Table 2. Comparison experiment table of different models.

Table 2 illustrates that the Precision (P) of the YOLOv3-Tiny model surpasses that of the CGSW-YOLO model by 4.7%. When compared to YOLOv5s, YOLOv7-Tiny, YOLOv8s, and YOLOv8n, the mean Average Precision (mAP) is greater by 1.1%, 6.6%, 1.8%, and 1.3%, respectively. However, the mean Average Precision (mAP) of the YOLOv3-Tiny model is slightly lower than that of the CGSW-YOLO model. However, the parameters, floating point operations per second (FLOPS), and model size of the Yolov5s model are less favorable compared to the improved algorithm, which presents challenges for the practical deployment of equipment in underground coal mines. The Precision (P) of the Yolov5s model is 4.0% higher than that of the CGSW-YOLO model. However, its mean Average Precision (mAP), parameters, and Frames Per Second (FPS) are lower than those of the CGSW-YOLO model by 1.5% and 48.1%, respectively. Additionally, the parameters, floating point operations per second (FLOPS), and model size of the Yolov5s model are all greater than those of the improved algorithm. The mean Average Precision (mAP) of the CGSW-YOLO model was found to be 7.0%, 2.2%, and 1.7% higher than that of the YOLOv7-Tiny, YOLOv8s, and YOLOv8n models, respectively. The parameters of the CGSW-YOLO model demonstrated reductions of 66.7%, 78.7%, and 21.6%, respectively. Additionally, the floating point operations per second (FLOPS) for the CGSW-YOLO model decreased by 53.0%, 78.2%, and 23.5%. Furthermore, the Frames Per Second (FPS) performance of the CGSW-YOLO model improved by 64.5%, 40.5%, and 26.0%. Lastly, the model size of the CGSW-YOLOv8n variant was reduced by 67.5%, 77.9%, and 20.6%, respectively.

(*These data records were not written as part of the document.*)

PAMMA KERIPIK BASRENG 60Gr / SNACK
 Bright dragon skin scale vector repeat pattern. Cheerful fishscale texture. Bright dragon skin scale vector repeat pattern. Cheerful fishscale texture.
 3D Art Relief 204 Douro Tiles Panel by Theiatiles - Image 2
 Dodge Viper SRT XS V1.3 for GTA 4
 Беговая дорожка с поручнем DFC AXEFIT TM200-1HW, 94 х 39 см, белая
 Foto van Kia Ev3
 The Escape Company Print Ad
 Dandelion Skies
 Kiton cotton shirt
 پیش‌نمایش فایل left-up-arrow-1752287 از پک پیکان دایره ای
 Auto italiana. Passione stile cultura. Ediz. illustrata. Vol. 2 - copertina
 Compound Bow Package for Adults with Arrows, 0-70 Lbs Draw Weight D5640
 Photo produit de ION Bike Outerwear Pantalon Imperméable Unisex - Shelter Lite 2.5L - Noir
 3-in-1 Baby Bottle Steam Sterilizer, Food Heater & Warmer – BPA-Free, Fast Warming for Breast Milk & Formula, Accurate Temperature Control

As illustrated in Table 2, the mean Average Precision (mAP) of the Faster R-CNN model and the RE-DETE model is only 0.4% and 0.6% lower than that of the CGSW-YOLO model, respectively. However, it is noteworthy that both models exhibit significantly higher numbers of parameters, computational demands, and overall model sizes compared to the CGSW-YOLO model. At the same time, the Frames Per Second (FPS) of these two models decreased by 65.7% and 64.3%, respectively, compared to the CGSW-YOLO model. Although both models demonstrate high accuracy in detection performance, they do not sufficiently meet the lightweight requirements necessary for practical deployment. The mean Average Precision (mAP) of the EfficientDet model and the YOLOv11n model was found to be 1.8% and 2.4% lower, respectively, than that of the CGSW-YOLO model. Furthermore, their reductions in Frames Per Second (FPS) were 28.9% and 29.4%, respectively, compared to the CGSW-YOLO model. At the same time, the EfficientDet model demonstrated a 21.6% increase in floating point operations per second (FLOPS) compared to the CGSW-YOLO model. However, it also contained a significantly larger number of parameters than the CGSW-YOLO model, which impeded its ability to maintain Frames Per Second (FPS) while ensuring high detection accuracy. Compared to the benchmark model, YOLOv8n, the YOLOv11n model has a smaller size. However, this reduction compromises both detection accuracy and real-time performance, as it sacrifices parameters and floating point operations per second (FLOPS). In practical applications within mining environments, it is clear that using YOLOv8n as the benchmark model offers a more effective balance between model accuracy and Frames Per Second (FPS) capabilities.

Therefore, the comparative experiments presented above demonstrate that the CGSW-YOLO model effectively balances lightweight design with high precision. This further emphasizes the advantages of the improved method proposed in this paper.

3.5.2. Different Convolution Contrast Experiments

To evaluate the effectiveness of the GhostConv module, we utilized the reference model YOLOv8n to replace the ODConv [35], DWConv, and CondConv [36] modules, while ensuring consistent experimental conditions for comparative analysis. The results of these experiments are presented in Table 3 below.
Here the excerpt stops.